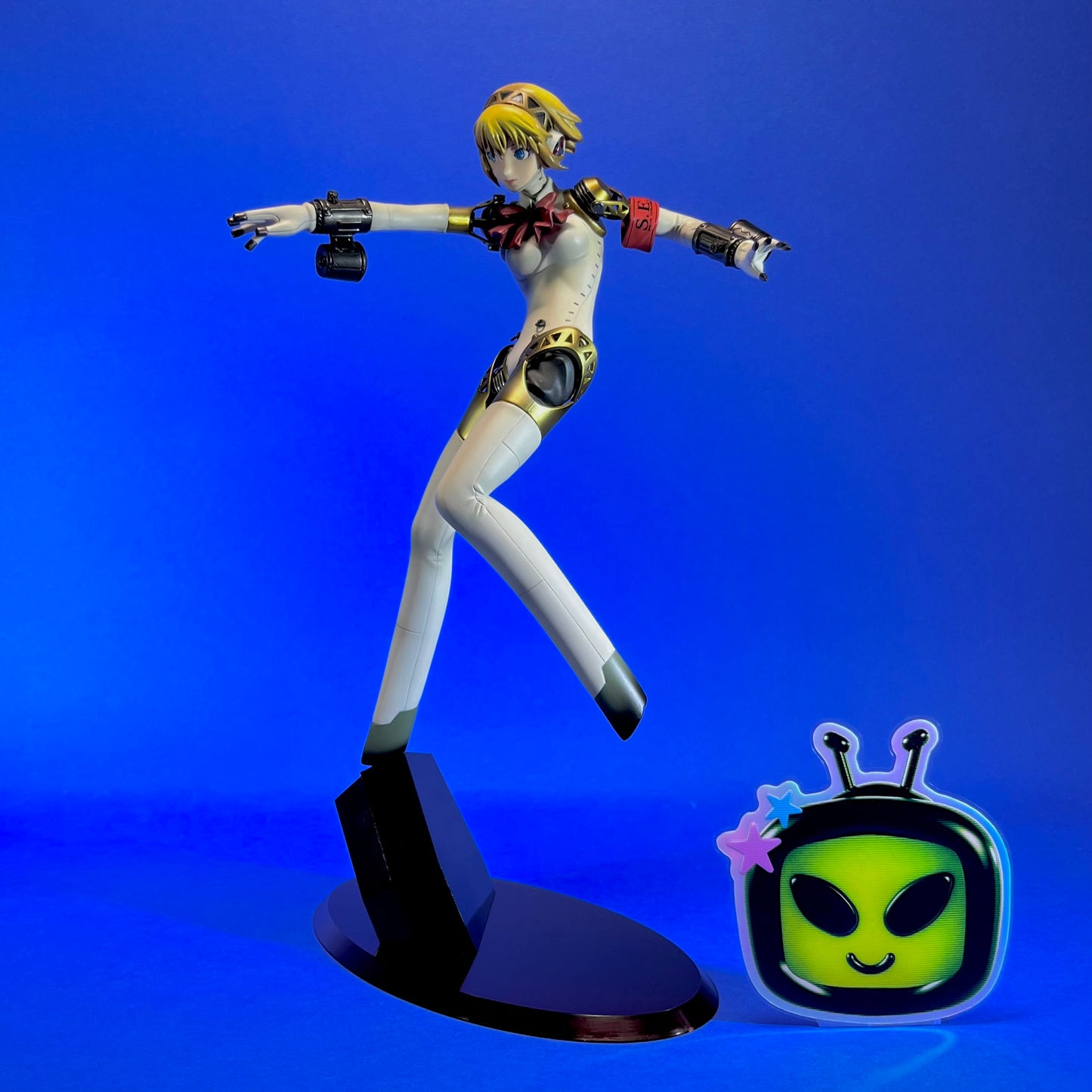 ALTER - 2007 Persona 3 Aegis 1/8 Figure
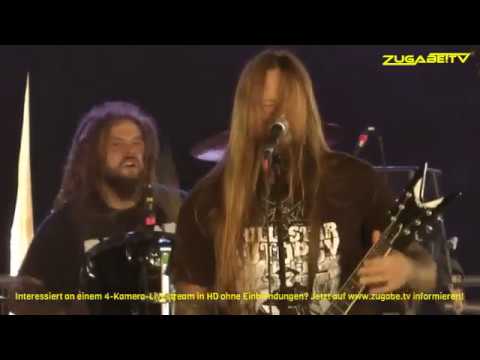 Black Mood Livestream @ Party San 2019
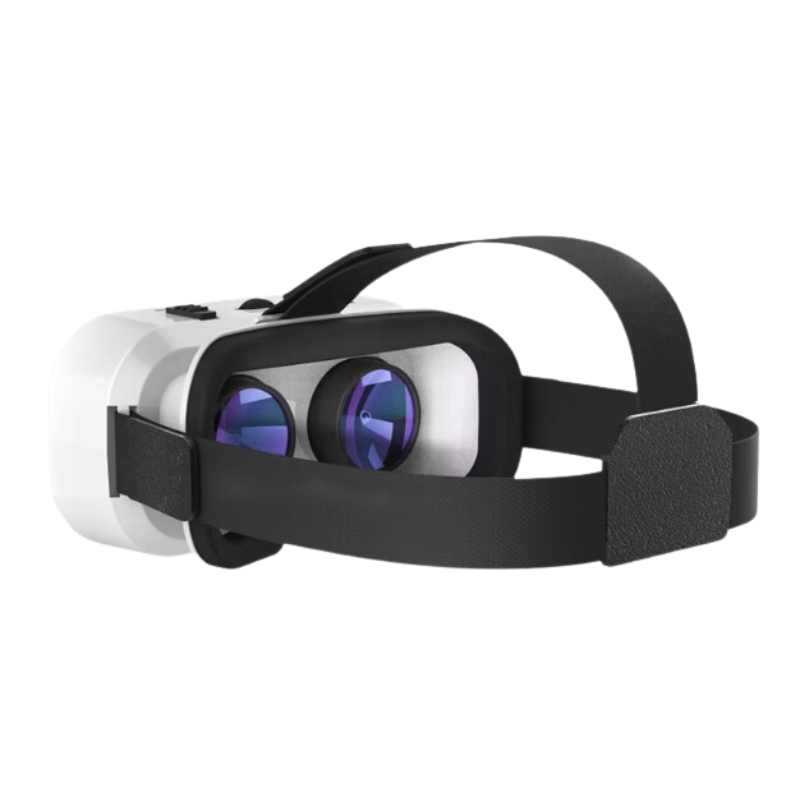 NNEOBA 3D VR Glasses for Phone with Controllers Screen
▬▬▬▬▬▬▬▬▬▬
Task instructions: Each line of the data above needs to be retyped as it is, without any picture.

Result of the exercise:
 ALTER - 2007 Persona 3 Aegis 1/8 Figure
 Black Mood Livestream @ Party San 2019
 NNEOBA 3D VR Glasses for Phone with Controllers Screen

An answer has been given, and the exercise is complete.